Al riguardo gli strumenti più efficaci hanno caratteristiche soft. Gli strumenti “duri” quali ad
esempio l’inserimento di funzioni apposite nella struttura organizzativa, l’introduzione di procedure
e processi precedentemente non previsti, incidono poco sulla cultura aziendale e dunque sullo
sviluppo di una cultura della compliance.
Una adeguata “accoglienza” della compliance nei meccanismi operativi aziendali, volta ad
assicurare la coerenza tra questi e comportamenti compliant è sicuramente più efficace, anche se
certo più difficile nel breve da realizzare. Due domande, a titolo di esempio: i sistemi di
incentivazione del personale tengono nel dovuto conto la compliance e si premiano dunque
concretamente i comportamenti compliant ? Il peso effettivo della funzione compliance nel potere
organizzativo dell’azienda è adeguato ? Se la risposta ai due interrogativi non è, almeno
timidamente, positiva, perché i sistemi incentivanti sono orientati al breve termine e spingono le
persone a comportamenti opportunistici e la funzione preposta alla compliance è confinata ai
margini dell’organizzazione, allora nessun intervento hard su strutture e procedure potrà mai
assicurare la diffusione di una cultura della compliance.
Verso la compliance della cultura
Sembra un gioco di parole, ma in realtà la diffusione di una cultura della compliance passa anche
attraverso una compliance della cultura, cioè una crescente compatibilità culturale tra i soggetti
vigilati e gli organi di controllo.
La supervisione bancaria sta rapidamente mutando ruoli e attività e va decisamente verso forme di
regolamentazione consensuale, testimoniate ad esempio dal diffuso ricorso, un tempo impensabile,
a strumenti di consultazione dei soggetti vigilati, e verso la divulgazione delle migliori pratiche alle
quali gli intermediari finanziari debbono ispirarsi, in un’ottica quasi consulenziale. Per fare ciò sono
necessarie, fra l’altro, un’intensa attività di comunicazione e l’adozione di linguaggi comuni.
Nel 2004, l’allora Segretario generale del Comitato di Basilea ha pubblicato un articolo dal titolo
“Basilea 2- Verso un nuovo linguaggio comune” nel quale si sottolinea come proprio la nuova
regolamentazione sul capitale abbia avviato un processo per lo sviluppo di un linguaggio comune
tra le diverse banche e tra le banche e gli organismi di controllo, che possa facilitare il dialogo e
rendere più efficace l’adozione di un complesso di norme così articolate ed innovative.
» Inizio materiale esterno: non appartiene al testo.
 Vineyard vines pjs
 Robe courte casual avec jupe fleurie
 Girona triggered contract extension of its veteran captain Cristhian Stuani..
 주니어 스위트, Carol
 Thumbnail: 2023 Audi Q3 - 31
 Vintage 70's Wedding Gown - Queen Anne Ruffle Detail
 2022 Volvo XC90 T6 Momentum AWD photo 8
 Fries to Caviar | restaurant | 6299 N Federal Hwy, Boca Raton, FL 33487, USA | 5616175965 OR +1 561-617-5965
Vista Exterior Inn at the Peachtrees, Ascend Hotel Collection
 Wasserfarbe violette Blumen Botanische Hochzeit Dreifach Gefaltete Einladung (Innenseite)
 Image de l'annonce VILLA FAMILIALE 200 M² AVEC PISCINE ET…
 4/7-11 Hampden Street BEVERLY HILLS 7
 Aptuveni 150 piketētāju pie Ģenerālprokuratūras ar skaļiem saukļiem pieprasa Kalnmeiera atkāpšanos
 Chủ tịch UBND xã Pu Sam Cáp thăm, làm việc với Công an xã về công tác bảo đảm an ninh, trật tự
In effetti diverse verifiche empiriche effettuate dal Dottorato in banca e Finanza dell’Università di
Roma Tor Vergata con strumenti avanzati di analisi del linguaggio mettono in evidenza che la
cultura delle banche, quella della Banca d’Italia e quella del Comitato di Basilea presentano ancora
alcune differenze significative ma anche una significativa tendenza alla convergenza, certamente
utile alla compliance delle culture, che costituisce anch’essa un importante elemento per la
diffusione di una cultura della compliance.